The bottom line is that even though the whole Folder.jpg behavior is a
Windows Explorer feature, the Windows Media Player product team has co-opted
that feature in your media library and feel it is their right to replace
your Folder.jpg with their own at will.
Additionally, they limit your album art size to a maximum of 200x200 pixels
for the stated reason of providing compatibility with some unnamed portable
device that may or may not have even have ever been built and that you most
likely do not own. Then, when larger album art is needed, such as in the
album art view of MCE, the 200x200 pixel art is stretched to something
around 380x380 pixels completely distorting the image.
Should you ever run across the unnamed device that limits all users of WMP
on all other devices including huge computer monitors to 200x200 pixels, you
can about be certain that it won't work with WMP 11 (not even my real
AXIM-30 purchased in August 2004 works with WMP 11) but you can be
absolutely sure that it won't be the size of the album art that stops it
from working.
To replace your own private property with their own and without giving the
user any warning or notification that it was going to do so, and no way to
opt out, and not even create a backup first is, in my opinion, illegal and
is definitely a malware type of behavior. You could have spent many hours
creating your own original artwork to put in a folder as Folder.jpg
intending to use the long-documented Windows Explorer feature. There is no
way that Windows Media Player can make any association between existing
Folder.jpg and "album art". Your picture may have been anything you chose
for it to be. For Windows Media Player to just wipe that work out is
terrible!
A couple weeks ago, a poster in the WMP newsgroups asked for advice using
his own scanned images as album art in WMP. With good intent, someone
suggested the OP copy his scanned images to his album folders and rename
them Folder.jpg. My warning to the OP to backup first came just too late.
By the time he saw my warning, he had destroyed many, but luckily not all,
of his scanned images by simply naming them Folder.jpg and putting them in
the album folders where WMP could destroy them. So, the first lesson for
future readers of this, if it is not too late, is to backup your artwork
first!!!
Personally, I believe that the whole thing is nothing more than DRM. They
appear to be assuming that any images you use are stolen - probably from
some Internet site or other - and they are going to force what the record
labels agree that you can use for album art. What a huge waste of computer
technology - even on my 1280x1024 screen, a 200x200 pixel album art leaves
97% of my screen wasted in the Windows Media Player album art visualization.
"Extracampine" <lostfrogg@yahoo.co.uk> wrote in message
news:%23dYiScFTHHA.1200@TK2MSFTNGP02.phx.gbl...
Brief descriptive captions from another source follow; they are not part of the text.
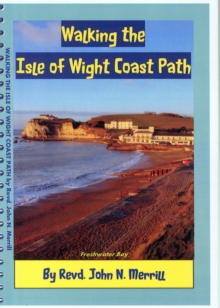 Image for The Isle of Wight Coast Path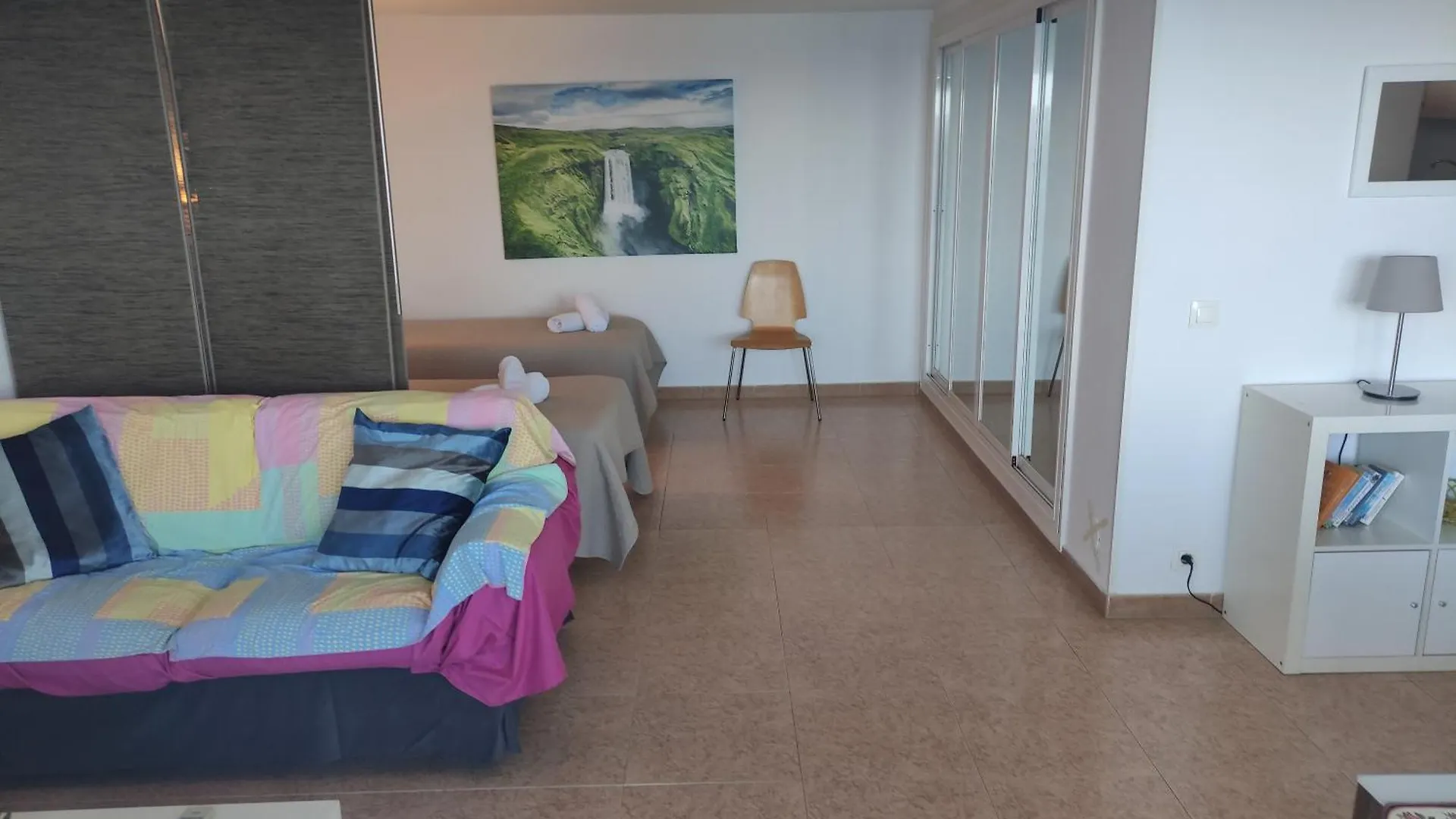 Apartment In Marbella First Line Beach Apto 6-6 0*,  Spain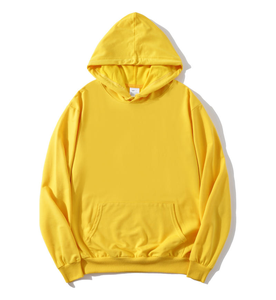 Sudadera con capucha de punto grueso vintage de manga regular, estilo casual, oversize, con estampado de baloncesto, bordada, para otoño - Product Image 3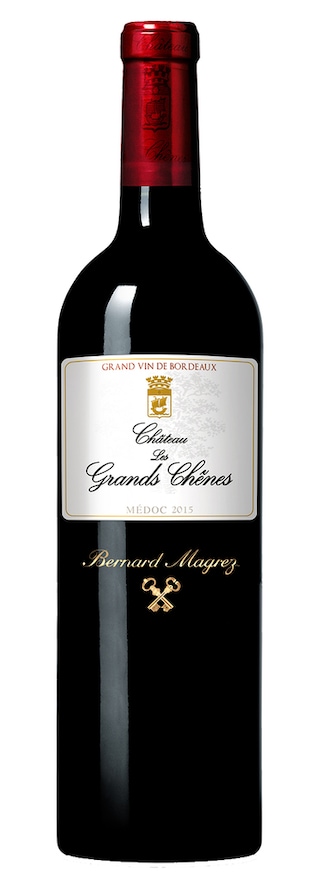 France - Frankrijk | Bordeaux - Médoc | Château Les Grands Chênes 2015 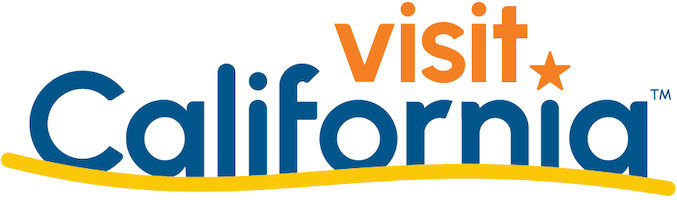 Visit CA Logo 2026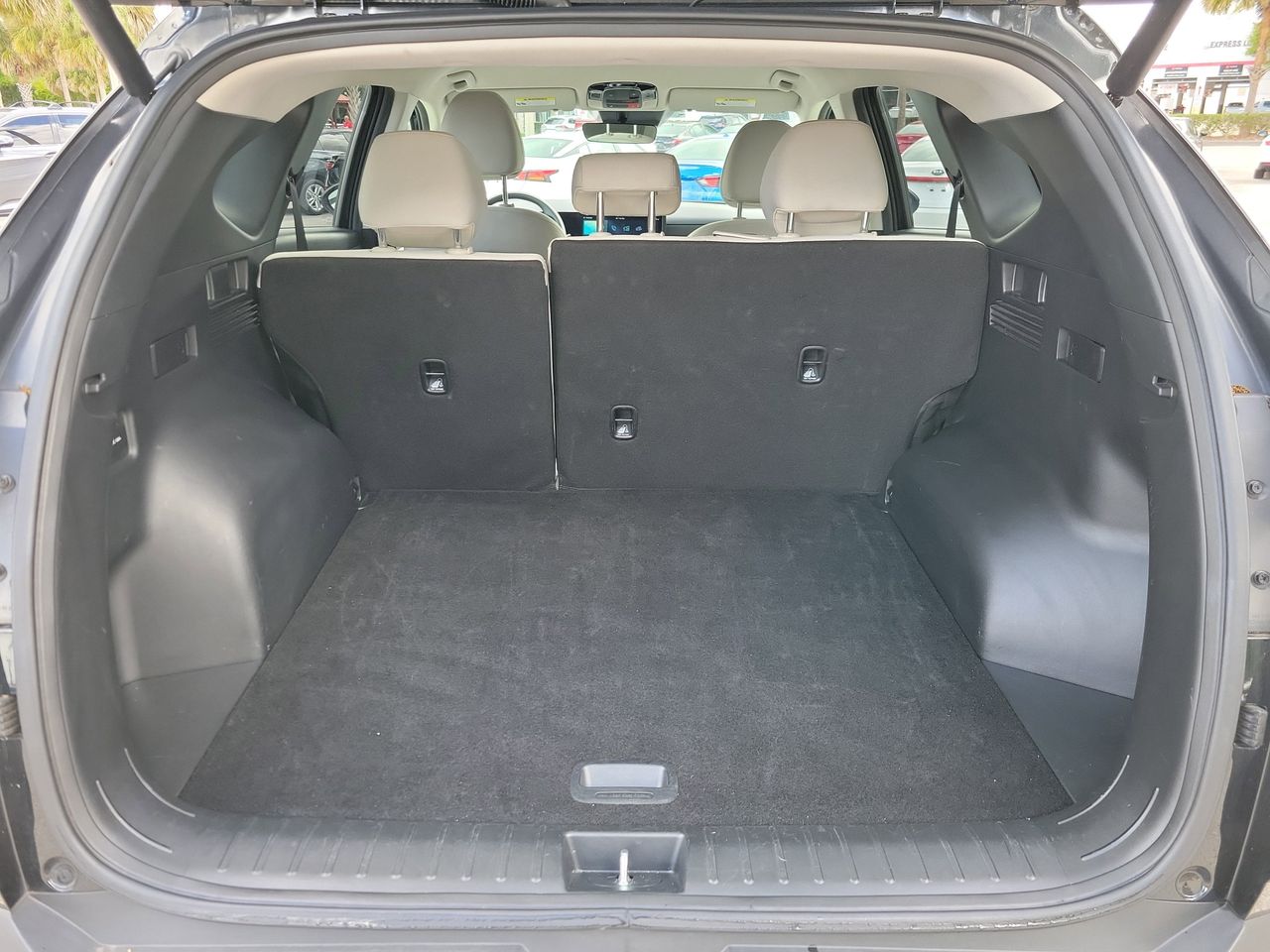 2025 Hyundai Tucson SEL - Photo 7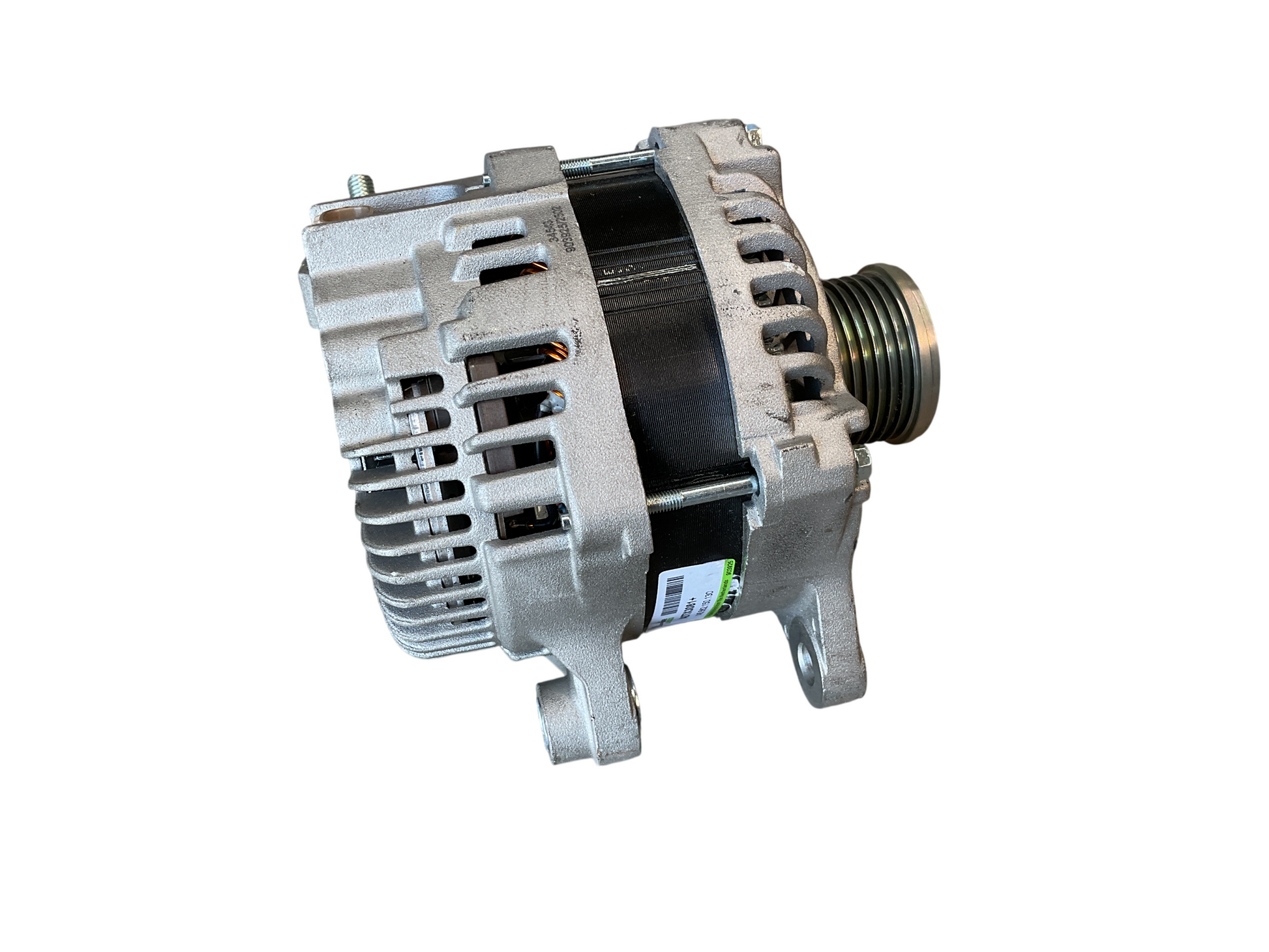 Alternador Mazda CX-5 12-17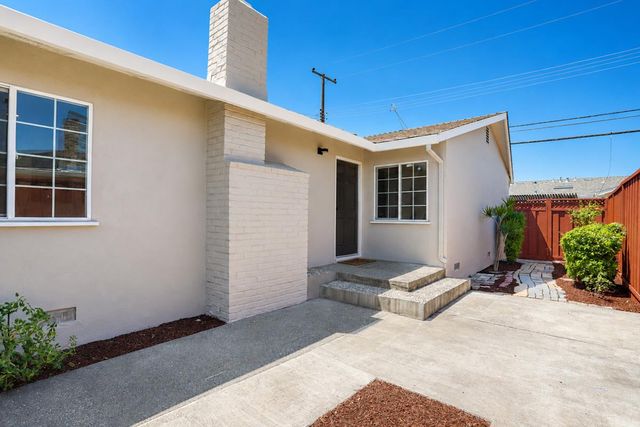 3205 Machado Avenue, Santa Clara, CA 95051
> Windows Media Player 11 by default will try and retrieve album art
> (folder.jpg) from the internet. If it finds it, it will overwrite any
> pre-existing folder.jpg (even if the pre-existing one is a larger file) as
> well as create an AlbumArtSmall.jpg file.
>
> Having this as a default option is foolish, as the program began to
> overwrite my scanned-in high-resolution images with crappy low-resolution
> ones. Realising this, I searched the options for a remedy to this.
>
> The tools/options/library tab enables the user to switch off various
> "Automatic media information updates for files". Great, I thought.
> However, despite this option being switched off, Media Player continues to
> carry out this assault of my file organisation rather sporadically.